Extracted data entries
_ _ _ _
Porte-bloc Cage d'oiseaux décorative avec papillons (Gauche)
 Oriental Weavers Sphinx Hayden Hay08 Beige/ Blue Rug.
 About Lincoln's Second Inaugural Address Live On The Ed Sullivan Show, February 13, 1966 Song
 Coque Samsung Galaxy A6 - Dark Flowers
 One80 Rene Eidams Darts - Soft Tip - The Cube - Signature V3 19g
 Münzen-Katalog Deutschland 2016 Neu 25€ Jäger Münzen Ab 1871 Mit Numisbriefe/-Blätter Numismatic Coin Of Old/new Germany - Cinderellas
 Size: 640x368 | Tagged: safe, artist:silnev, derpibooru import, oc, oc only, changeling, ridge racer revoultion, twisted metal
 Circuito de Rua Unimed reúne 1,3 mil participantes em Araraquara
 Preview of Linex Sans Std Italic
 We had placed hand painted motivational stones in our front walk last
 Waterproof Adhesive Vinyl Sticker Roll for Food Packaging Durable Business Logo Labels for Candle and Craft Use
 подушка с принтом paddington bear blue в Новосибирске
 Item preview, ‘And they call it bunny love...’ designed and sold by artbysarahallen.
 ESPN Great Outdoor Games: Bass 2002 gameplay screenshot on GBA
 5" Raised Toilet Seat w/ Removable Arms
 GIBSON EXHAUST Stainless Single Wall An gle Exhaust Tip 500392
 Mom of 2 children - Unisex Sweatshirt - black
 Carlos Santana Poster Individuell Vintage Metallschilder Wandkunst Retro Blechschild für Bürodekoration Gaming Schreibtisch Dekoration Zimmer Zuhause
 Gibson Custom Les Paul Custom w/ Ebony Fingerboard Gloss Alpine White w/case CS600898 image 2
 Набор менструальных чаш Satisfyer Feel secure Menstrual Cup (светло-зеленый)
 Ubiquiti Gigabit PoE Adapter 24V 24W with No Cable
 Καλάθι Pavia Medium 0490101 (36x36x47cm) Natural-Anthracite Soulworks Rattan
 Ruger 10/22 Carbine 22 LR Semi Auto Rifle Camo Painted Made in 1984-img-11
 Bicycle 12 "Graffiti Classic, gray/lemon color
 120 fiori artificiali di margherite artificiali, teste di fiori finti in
_ _ _ _
### Your objective
Starting from the line with "Ubiquiti Gigabit PoE", write out every remaining line of the data above exactly, the final line included, and nothing before it.

### Output for this exercise
 Ubiquiti Gigabit PoE Adapter 24V 24W with No Cable
 Καλάθι Pavia Medium 0490101 (36x36x47cm) Natural-Anthracite Soulworks Rattan
 Ruger 10/22 Carbine 22 LR Semi Auto Rifle Camo Painted Made in 1984-img-11
 Bicycle 12 "Graffiti Classic, gray/lemon color
 120 fiori artificiali di margherite artificiali, teste di fiori finti in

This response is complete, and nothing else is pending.